FastStack(Size const aCapacity = 0)
:st_(new Type [aCapacity])
,capacity_(aCapacity)
{
lastIndex_ = -1;
}

FastStack(FastStack const& other,int const newBufSize = -1)
{
capacity_ =(newBufSize< other.size size():newBufSize);
st_ = new Type [capacity_];
lastIndex_ = other.lastIndex_;
copy(other.st_,other.st_ + other.size(),st_); //不能抛出POD。
}
};

template<类类型>
void reserve(Size const newCapacity,FastStack< Type>& st)
{
st.reserve(newCapacity);
}

template< class StackType>
void test(char const * const description)
{
for(int it = 0; it< 4; ++ it)
{
StackType st;
储备(200,st);

//在这两个循环之后,st的容量将是141,因此不会再有重新分配
(int i = 0; i <100; ++ i){st。 push(i); }
for(int i = 0; i <100; ++ i){st.pop(); }

//当你取消注释这一行时,std :: stack的性能将神奇地上升约18%
// std :: vector< int> magicVector(10);

高分辨率定时器;
timer.Start();

for(Index i = 0; i <1000000000; ++ i)
{
st.push(i);
(void)st.top();
if(i%100 == 0& i!= 0)
{
for(int j = 0; j< 100; ++ j){st.pop (); }
}
}

double const totalTime = timer.Stop();
wcout<<描述<< :<< totalTime< endl;
}
}

int main()
{
typedef stack<索引,索引> > SStack;
typedef FastStack<索引> FStack;

test< SStack>(std :: stack);
test< FStack>(FastStack);

cout<< 完成;
}

这个慢慢消化的三星RC530笔记本电脑的结果:

 
[D:\dev\test\so\12704314]
> a
std :: stack:3.21319
std :: stack:3.16456
std :: stack:3.23298
std :: stack:3.20854
FastStack:1.97636
FastStack:1.97958
FastStack: 2.12977
FastStack:2.13507
Done
[D:\dev\test\so\12704314]
> _



现在让我们来看一个典型的实现 std :: vector :: push_back ,它由 std :: stack< T,std :: vector< T> :: push ,我知道只有3个程序员谁曾经使用过这种缩进风格,即PJP,Petzold和我自己;我现在,从1998年或那里,认为这是可怕的):

  void push_back(const value_type& _Val)
{//在末尾插入元素
if(_Inside(_STD addressof(_Val)))
{ / push back一个元素
size_type _Idx = _STD addressof(_Val) - this-> _Myfirst;
if(this-> _Mylast == this-> _Myend)
_Reserve(1);
_Orphan_range(this-> _Mylast,this-> _Mylast);
this-> _Getal()。construct(this-> _Mylast,
this-> _Myfirst [_Idx]);
++ this-> _Mylast;
}
else
{//推回非元素
if(this-> _Mylast == this-> _Myend)
_Reserve(1) ;
_Orphan_range(this-> _Mylast,this-> _Mylast);
this-> _Getal()。construct(this-> _Mylast,
_Val);
++ this-> _Mylast;
}
}

我怀疑测量的无效率至少部分地在所有的东西发生在那里,并且或许它也是一个自动生成的安全检查的问题。

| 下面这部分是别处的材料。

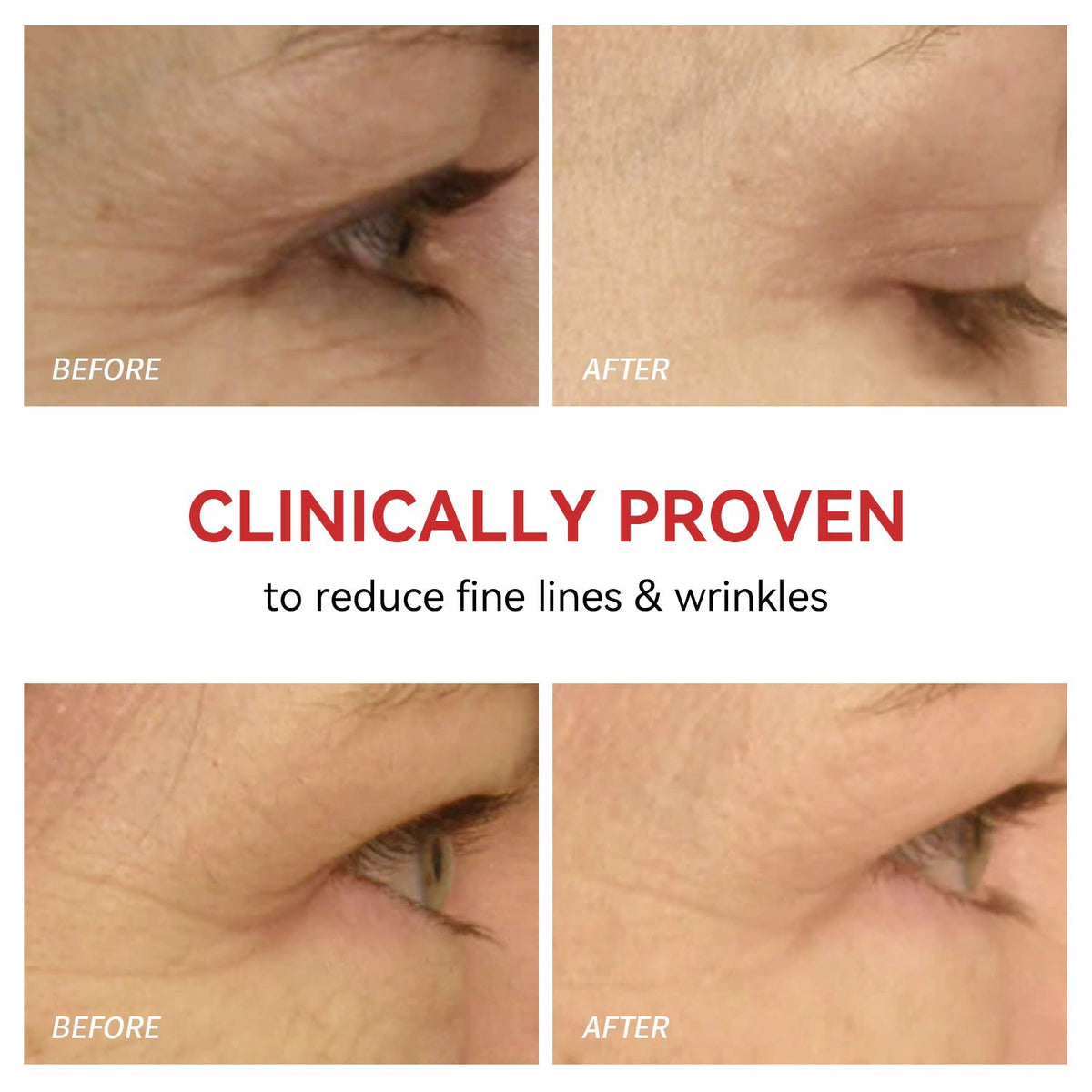 Illuminating Eye Therapy Device for Youthful Skin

对于调试生成 std :: stack 性能是非常不好,我放弃了等待任何结果。






EDIT :根据以下Xeo的评论,我更新了 push 以检查自推缓冲区重新分配的情况,通过将其作为单独的函数分解:

  void push(type const& x)
{
if(size()== capacity())
{
reserveAndPush(x);
}
st _ [++ lastIndex_] = x;
}

神秘地,虽然 reserveAndPush 在这次测试中永远不会调用,它会影响性能–由于代码大小不适合缓存?

 
[D:\dev\test\so\12704314]
> a
std :: stack:3.21623
std :: stack:3.30501
std :: stack:3.24337
std :: stack:3.27711
FastStack:2.52791
FastStack:2.44621
FastStack:2.44759
FastStack:2.47287
Done
[D:\dev\test\so\12704314]
> _





EDIT 2 :DeadMG显示代码必须有错误。我相信问题是缺少 return ,加上表达式计算新的大小(两次零仍然为零)。他还指出,我忘了显示 reserveAndPush 。应为:

  void reserveAndPush(type const& x)
{
Type const xVal = x;
reserve(capacity_ == 0?1:2 * capacity_);
push(xVal);
}

void push(type const& x)
{
if(size()== capacity())
{
return reserveAndPush(x); //< - 关键的回报。
}
st _ [++ lastIndex_] = x;
}


Recently I was trying to do some performance benchmarks, comparing std::stack<int, std::vector<int>> and my own simple implementation of stack (that use pre-allocated memory). Now I’m experiencing some strange behavior.

First thing I want to ask is this line in stack benchmark code:

//  std::vector<int> magicVector(10);

When I uncomment this line, performance rise about 17% (benchmark time drops from 6.5 to 5.4 seconds). But the line should have no impact on the rest of the program because it's not modifying any others members. Besides, it doesn't matter if it is vector of int or vector of double...

Second thing I want to ask is big performance difference between my stack implementation and std::stack. I was told that std::stack should be as fast as my stack but results shows that my "FastStack" is twice as fast.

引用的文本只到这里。